**Supplied data**
'''
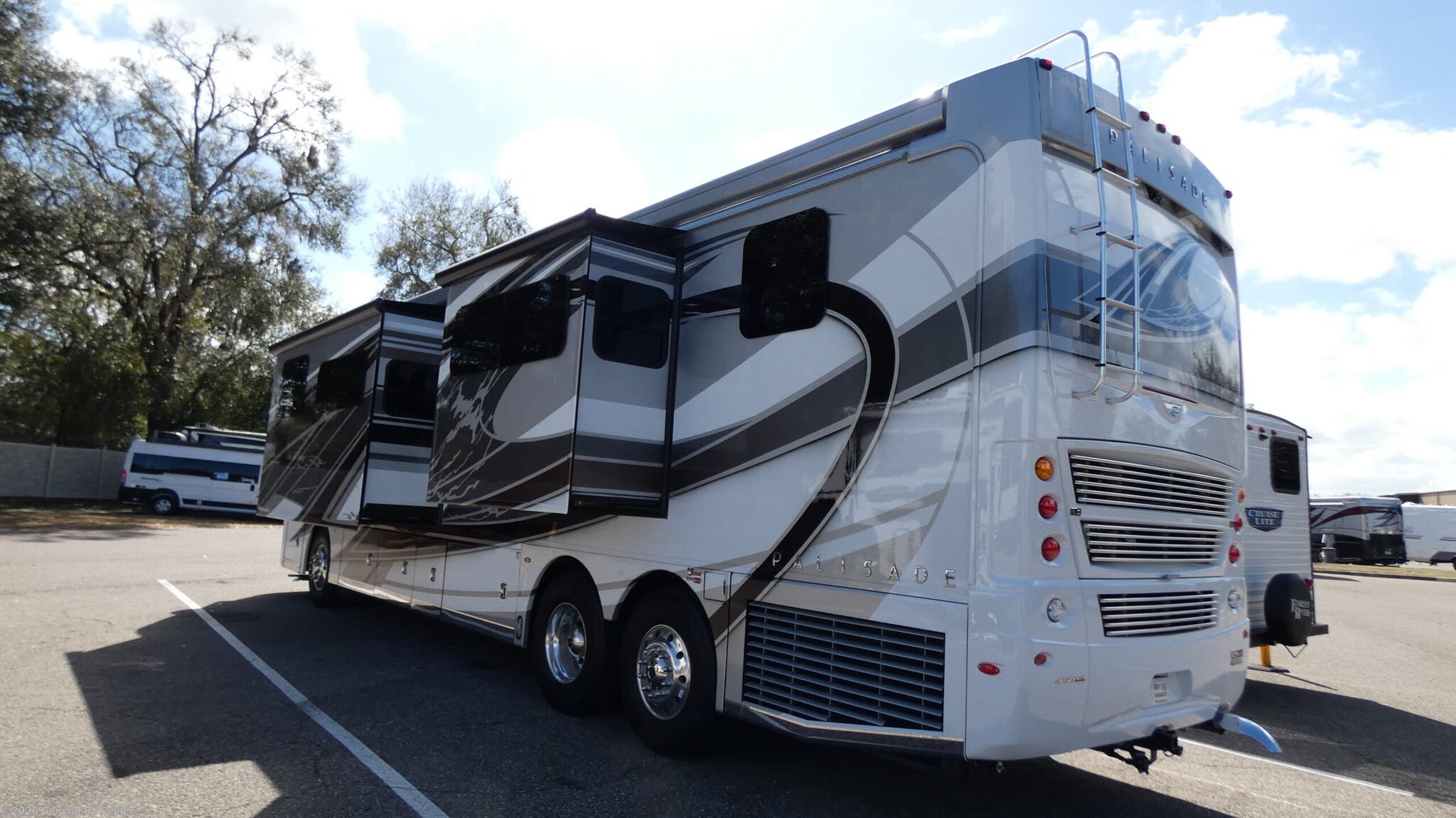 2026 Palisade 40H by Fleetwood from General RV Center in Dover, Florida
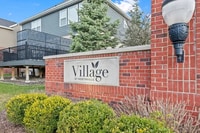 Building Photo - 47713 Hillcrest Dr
'''
'''
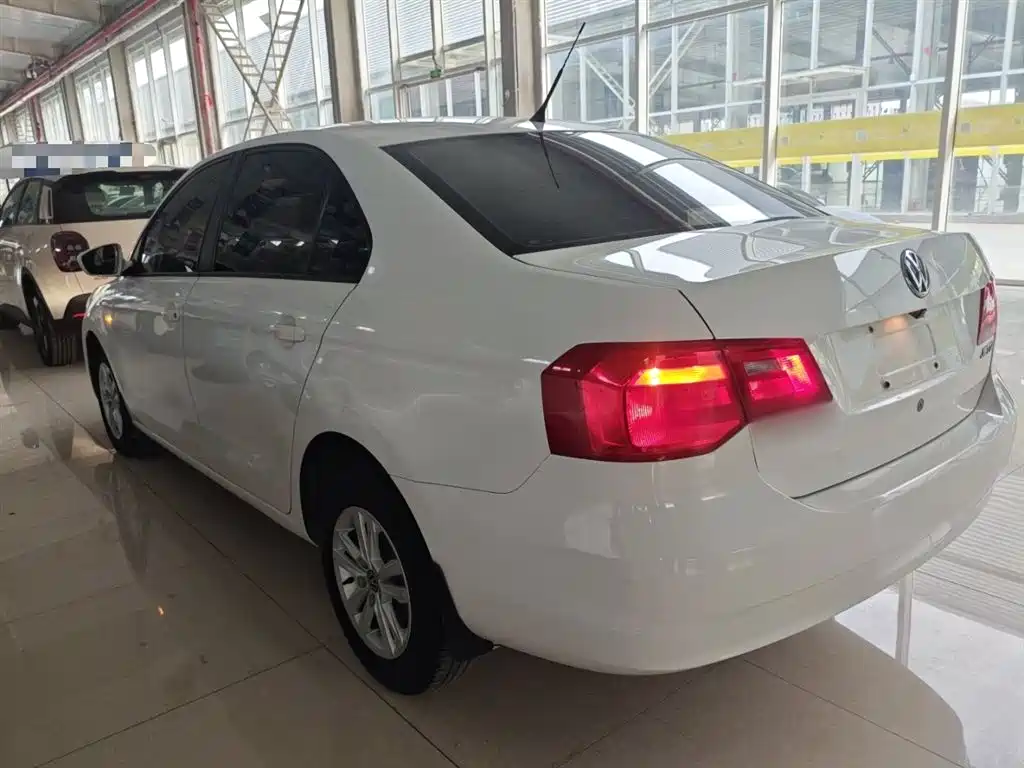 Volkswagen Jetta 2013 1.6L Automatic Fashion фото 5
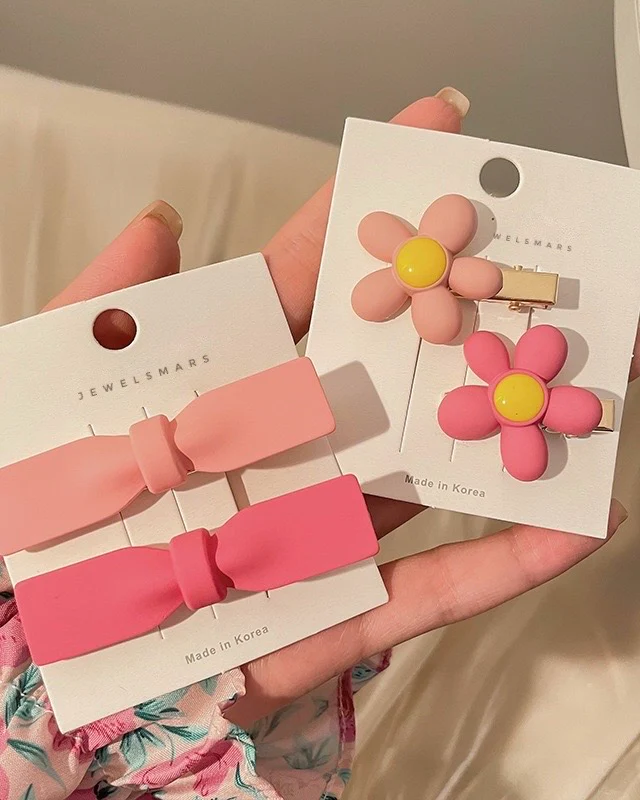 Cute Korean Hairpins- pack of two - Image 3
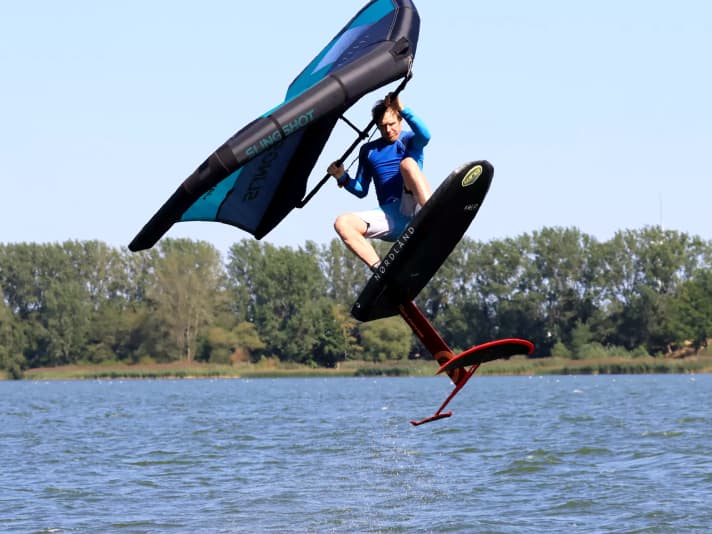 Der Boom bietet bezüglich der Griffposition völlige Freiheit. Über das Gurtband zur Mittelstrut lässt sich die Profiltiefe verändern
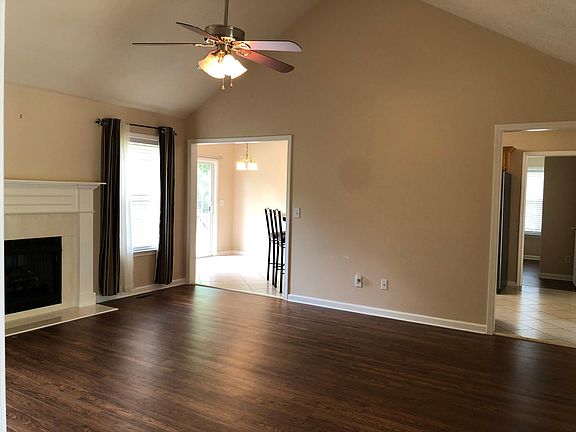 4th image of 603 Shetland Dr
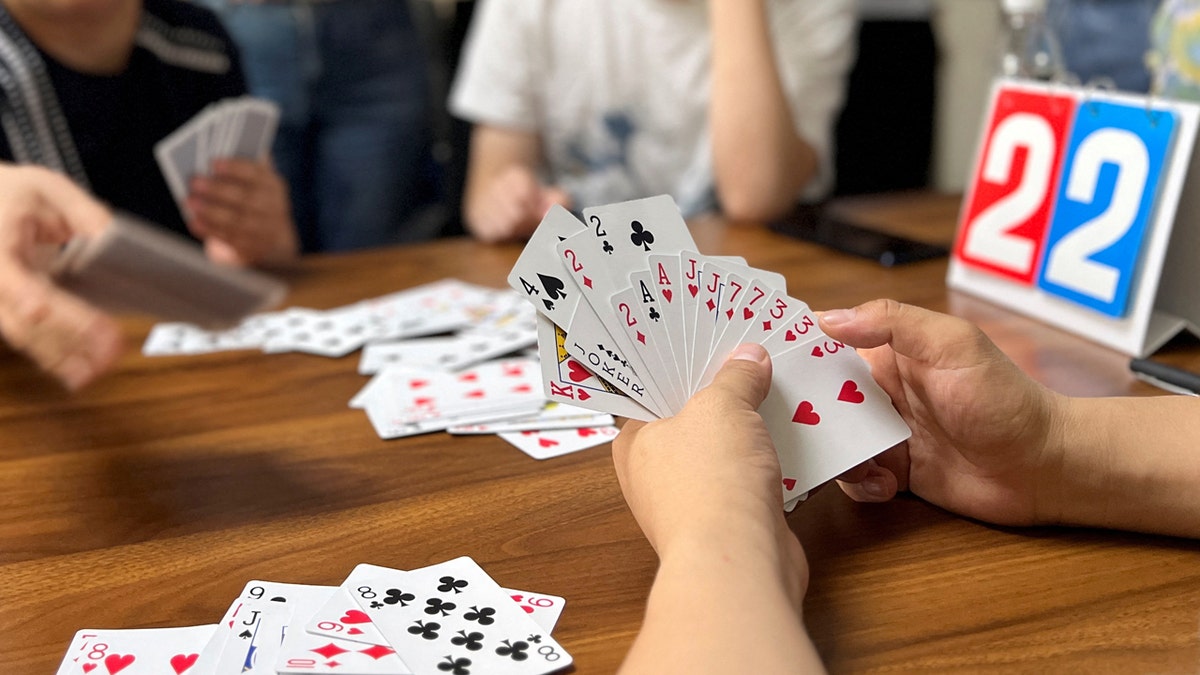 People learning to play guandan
'''
**Directions for this task**
Look above for the line with "Der Boom bietet" and the line with "People learning to play guandan". Output those two and everything between them exactly, pictures excluded.

**Response to the task**
 Der Boom bietet bezüglich der Griffposition völlige Freiheit. Über das Gurtband zur Mittelstrut lässt sich die Profiltiefe verändern
 4th image of 603 Shetland Dr
 People learning to play guandan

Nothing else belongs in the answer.